These tests look at minute amounts of placental DNA that are in the mother’s blood. This small amount of fetal DNA can be detected as early as 10-weeks’ gestation. The tests only require a blood sample, and they give a couple a non-invasive, early look at the genetic health of their unborn baby.

The NECIR exposé, titled “Oversold and Misunderstood,” is shocking. While many of the companies offering these new screens, which are not approved by the Food and Drug Administration, tout that the tests are “99% accurate,” the center uncovered that these tests gave false alarms nearly half the time, especially for rare chromosomal abnormalities like trisomy 13.

This means that perfectly healthy fetuses are being aborted because of the results of these screens. The NECIR reports: “And at Stanford University, there have been at least three cases of women aborting healthy fetuses that had received a high-risk screen result.” “The worry is women are terminating without really knowing if [the initial test result] is true or not,” said Athena Cherry, professor of pathology at the Stanford University School of Medicine, whose lab examined the cells of the healthy aborted fetuses. In one of the three Stanford cases, the woman actually obtained a confirmatory test and was told the fetus was fine, but aborted anyway because of her faith in the screening company’s accuracy claims. “She felt it couldn’t be wrong,” Cherry said.

The NECIR concludes that “companies are overselling the accuracy of their tests.”

It is a tragedy when any child is aborted, for sure, but it seems particularly horrifying that babies are being torn from their mothers’ wombs because of misleading, even predatory, marketing.

How has this happened? When did we become a society where the lives of the next generation hinge on the results of a single test that is not even regulated by the FDA?
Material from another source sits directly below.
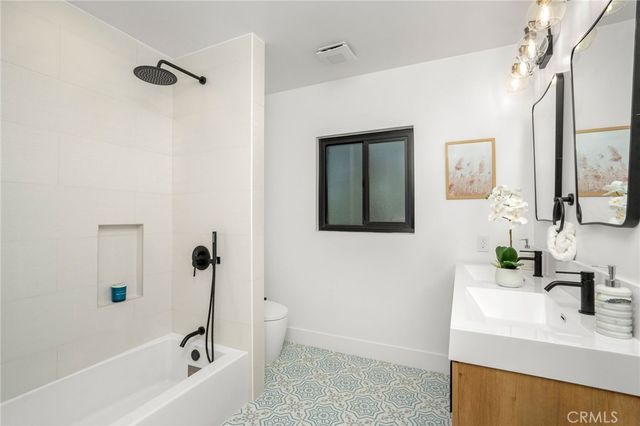 14457 Glorietta Drive, Sherman Oaks, CA 91423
As someone who has performed genetic testing for thousands of patients, I can say that the problem is deep and multifaceted.

On the surface, there is a general lack of understanding about the limits of genetic testing by both the public and by medical professionals. These new non-invasive prenatal tests are only screens. They are not diagnostic tests and should not be used as such.
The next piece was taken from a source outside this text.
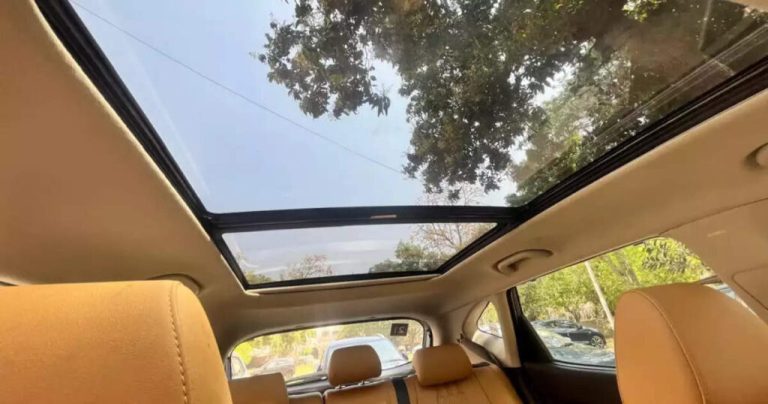 If you are planning to buy a car with sunroof, then know these things first to avoid losses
What is the difference between a screen and a diagnostic test? A screen is given to a general healthy population and usually is highly sensitive, so that any potential problems are identified. Because of the high sensitivity, false positives are more common. A screen is always supposed to be confirmed with a diagnostic test. A diagnostic test is designed with high specificity for a particular condition. It is often more invasive and is meant as a tool to make a definitive diagnosis.
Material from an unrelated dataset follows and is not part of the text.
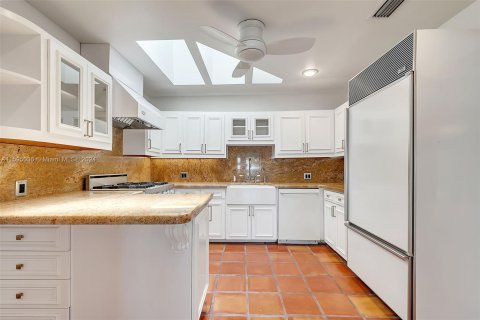 Casa en venta en Fort Lauderdale, Florida, 4 dormitorios, 341.23 m2 № 1207033 - foto 15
Because these new prenatal screens are advertised as having “near-diagnostic accuracy,” women are skipping the diagnostic test or, in the Stanford case mentioned above, disregarding the diagnostic results in favor of the screen. Either way, if companies are presenting these screens as good as or better than diagnostic tests to doctors and patients, then these businesses are seriously negligent.

But the distinction between a screen and a diagnostic test is only a small issue on top of a much larger and more systemic problem: the use of prenatal testing in conjunction with abortion as a seek-and-destroy mission to kill anyone with a genetic abnormality.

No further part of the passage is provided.